• Required work
Within the records below, find the line with "Used 2006 HUMMER" and the line with "Tenis para correr", then reproduce exactly those two lines and all lines between them, without any picture.

• Available records
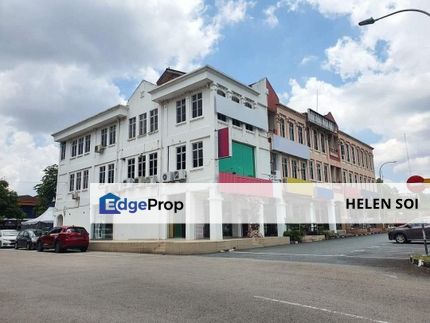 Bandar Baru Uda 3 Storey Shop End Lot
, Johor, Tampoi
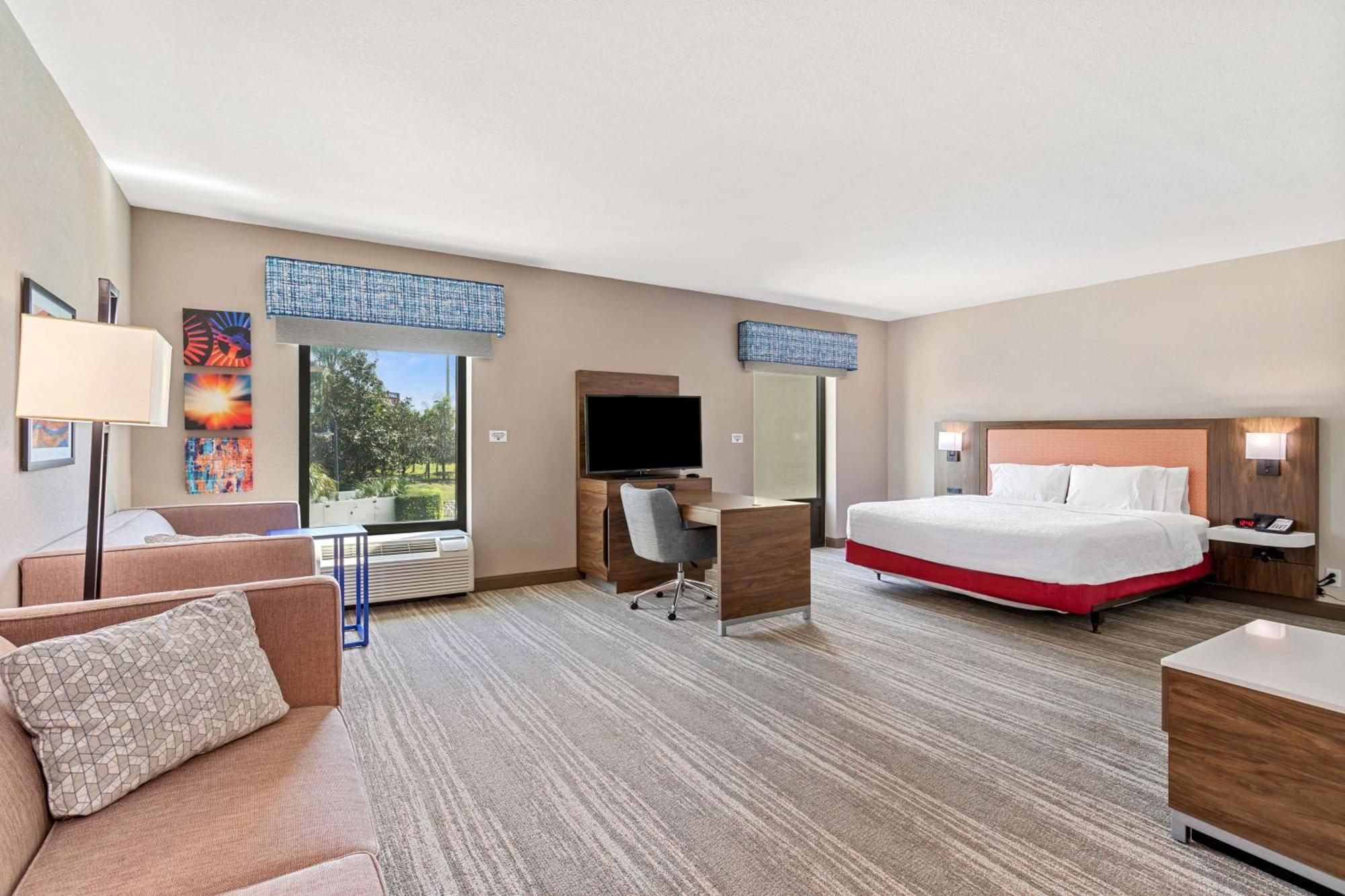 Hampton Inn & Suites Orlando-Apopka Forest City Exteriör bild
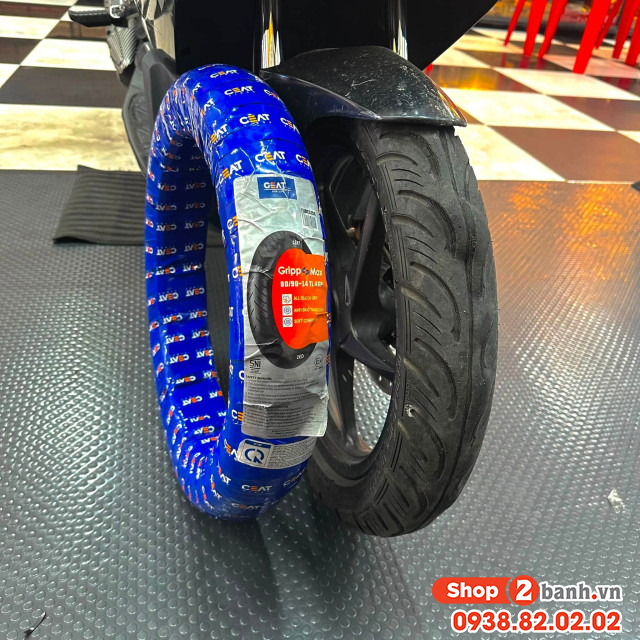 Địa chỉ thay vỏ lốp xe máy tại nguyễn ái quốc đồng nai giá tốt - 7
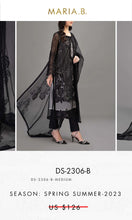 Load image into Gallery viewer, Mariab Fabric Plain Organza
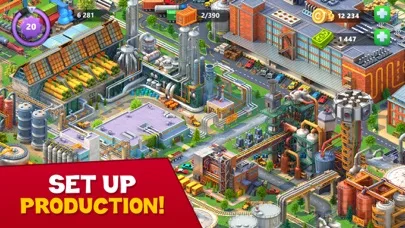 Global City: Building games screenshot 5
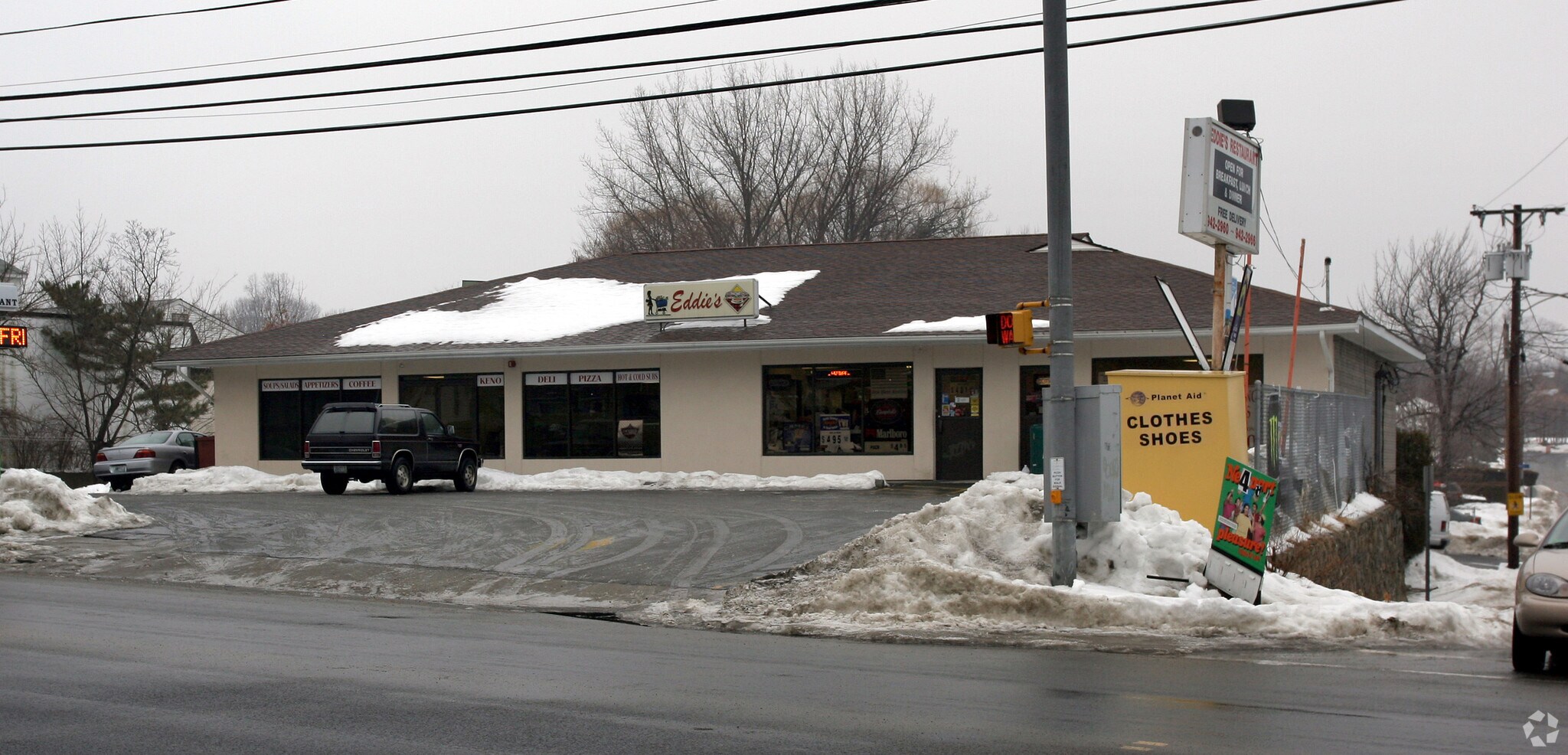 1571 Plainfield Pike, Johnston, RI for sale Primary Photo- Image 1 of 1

* * *

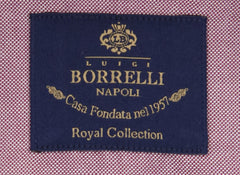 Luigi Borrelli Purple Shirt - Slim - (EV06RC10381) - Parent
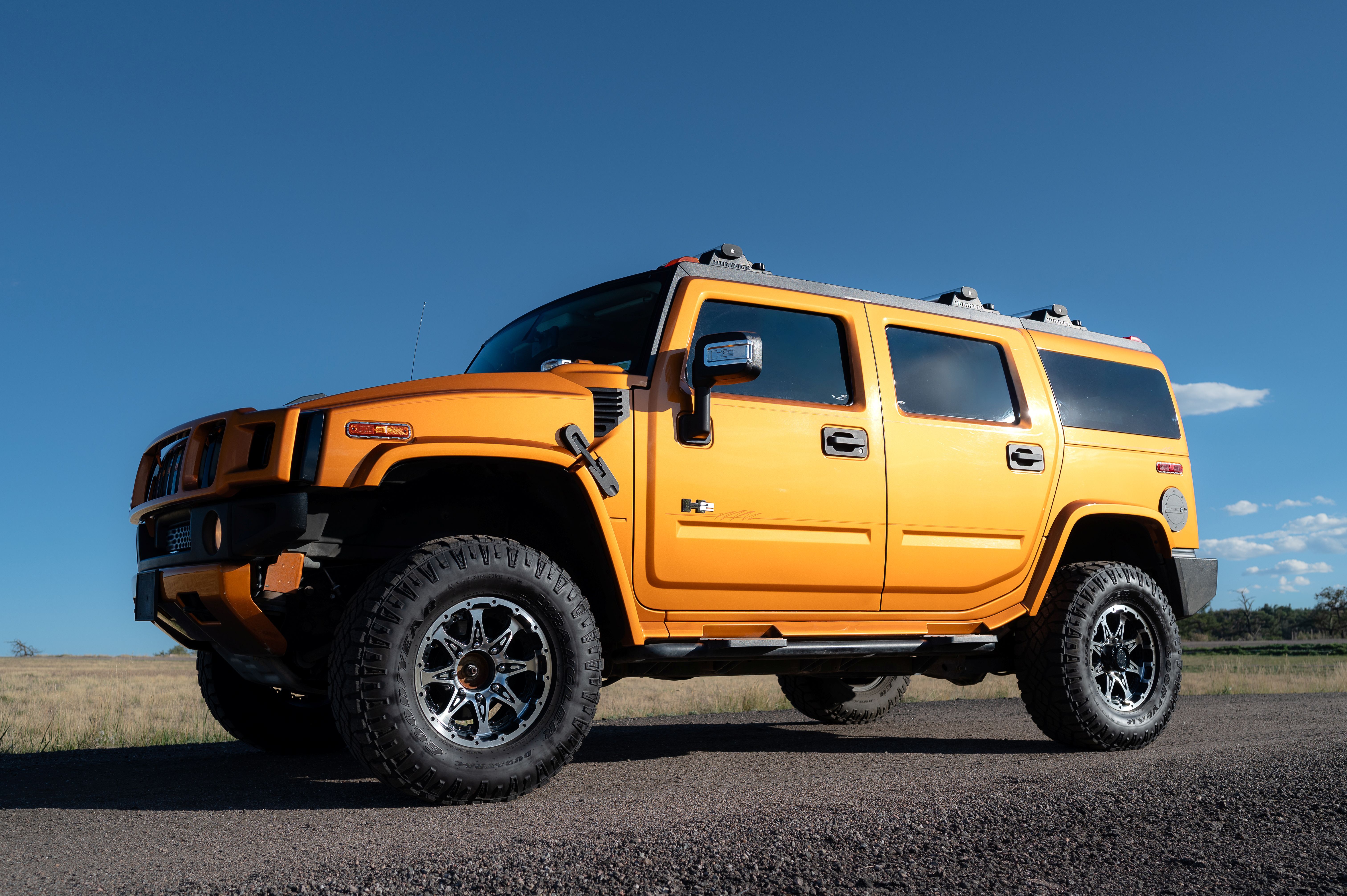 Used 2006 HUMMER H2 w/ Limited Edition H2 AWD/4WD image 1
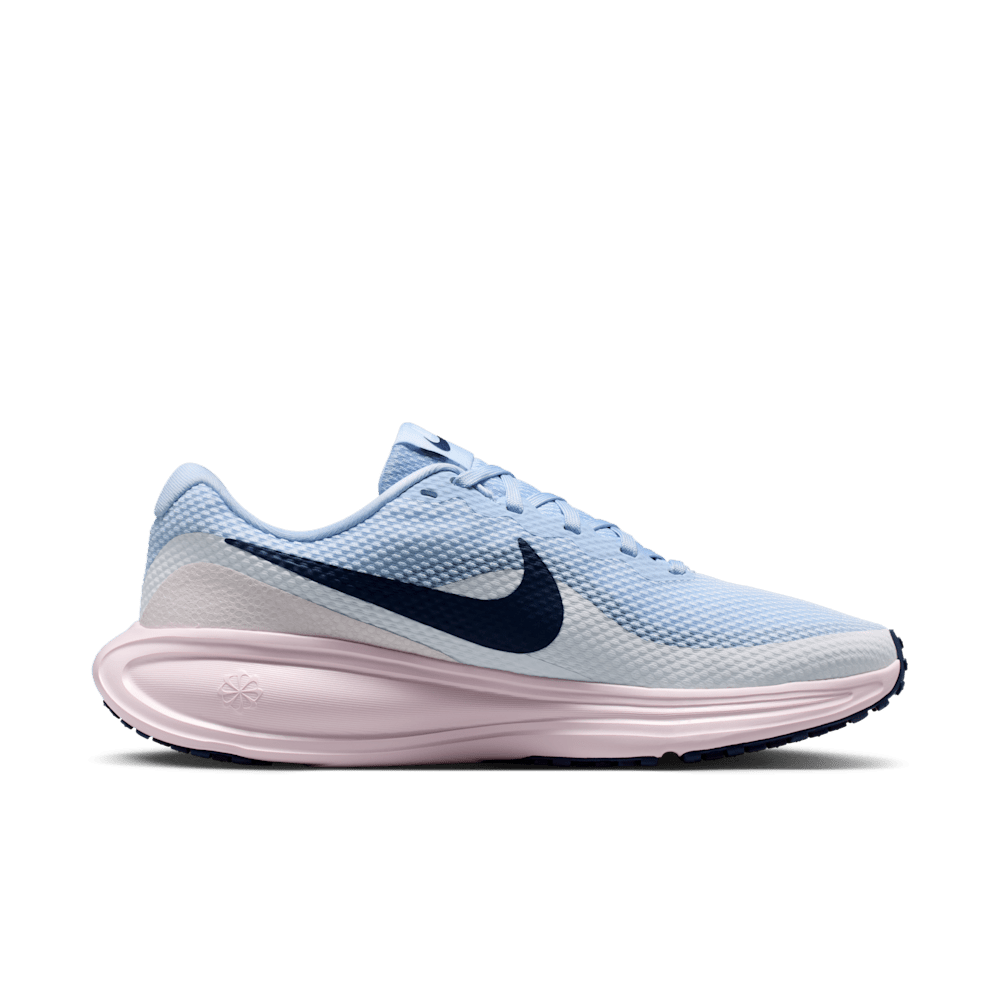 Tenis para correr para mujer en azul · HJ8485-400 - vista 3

• Written response
 Used 2006 HUMMER H2 w/ Limited Edition H2 AWD/4WD image 1
 Tenis para correr para mujer en azul · HJ8485-400 - vista 3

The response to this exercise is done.